*AIM OF THE TASK*
Below are records with pictures in them. Output exactly the lines from the one with "ZONEKIZ Toddler Bed" through the one with "Buffet haut Sonoma", both included, and leave every picture out; give only those lines.

*DATA EXTRACTS*
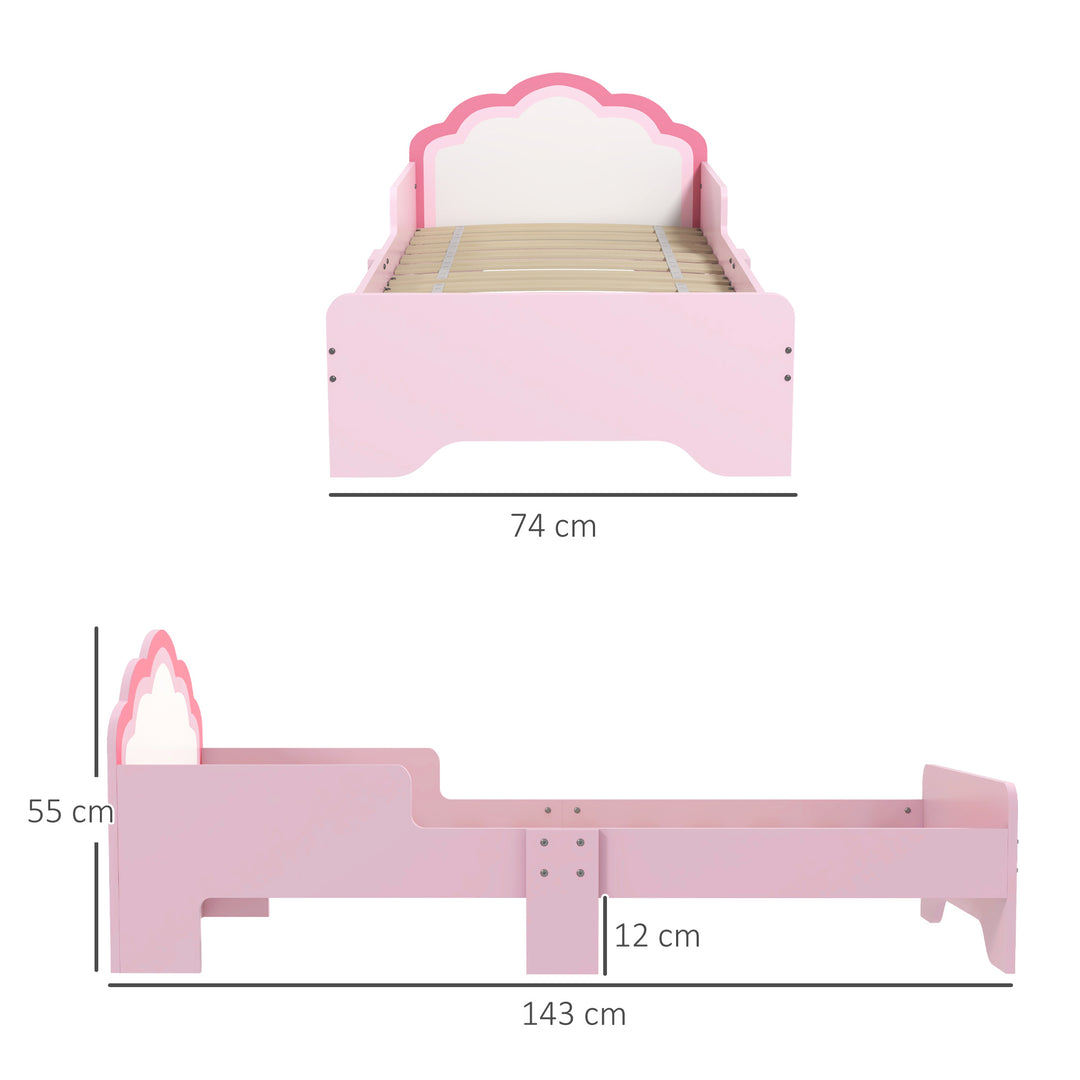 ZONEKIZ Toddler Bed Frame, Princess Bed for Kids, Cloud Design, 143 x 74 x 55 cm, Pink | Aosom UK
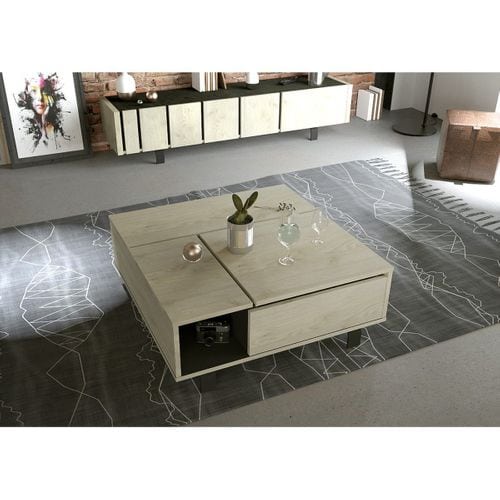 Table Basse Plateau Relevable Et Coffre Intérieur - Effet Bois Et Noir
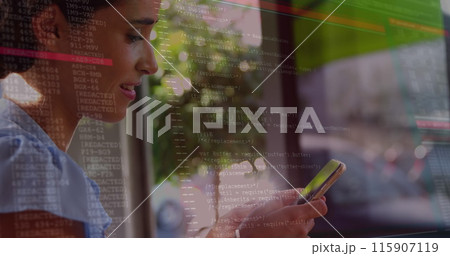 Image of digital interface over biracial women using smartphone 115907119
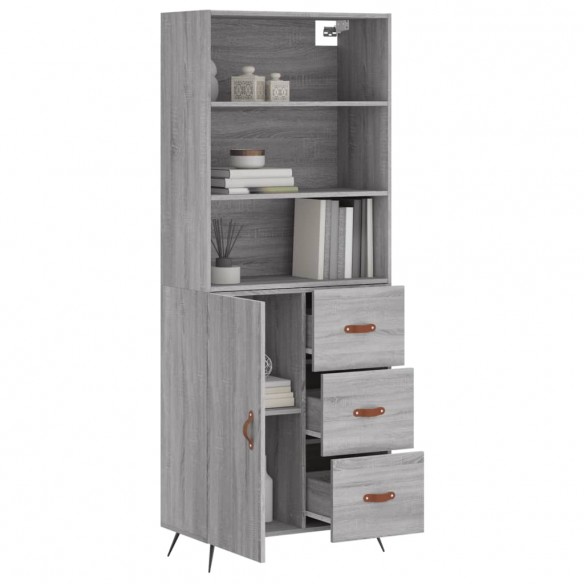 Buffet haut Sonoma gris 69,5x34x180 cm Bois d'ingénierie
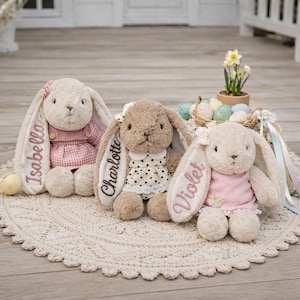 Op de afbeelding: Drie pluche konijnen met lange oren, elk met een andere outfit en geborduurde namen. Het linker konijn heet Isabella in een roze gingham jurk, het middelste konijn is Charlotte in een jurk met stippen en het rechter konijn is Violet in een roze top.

...

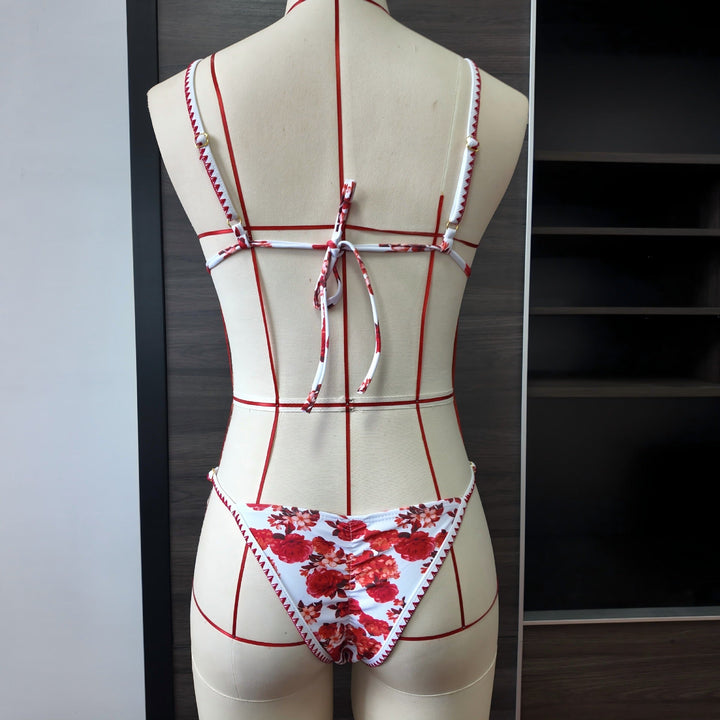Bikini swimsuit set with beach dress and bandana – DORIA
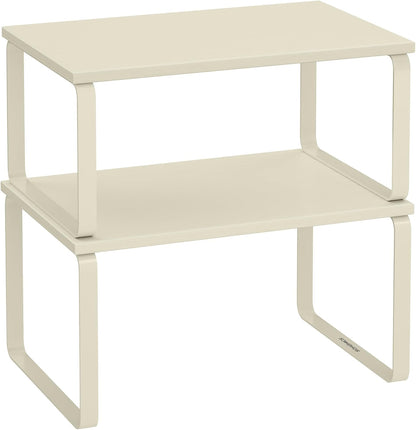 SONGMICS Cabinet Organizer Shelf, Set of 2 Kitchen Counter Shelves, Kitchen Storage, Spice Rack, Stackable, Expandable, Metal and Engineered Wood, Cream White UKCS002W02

*RESPONSE AREA*
 ZONEKIZ Toddler Bed Frame, Princess Bed for Kids, Cloud Design, 143 x 74 x 55 cm, Pink | Aosom UK
 Table Basse Plateau Relevable Et Coffre Intérieur - Effet Bois Et Noir
 Image of digital interface over biracial women using smartphone 115907119
 Buffet haut Sonoma gris 69,5x34x180 cm Bois d'ingénierie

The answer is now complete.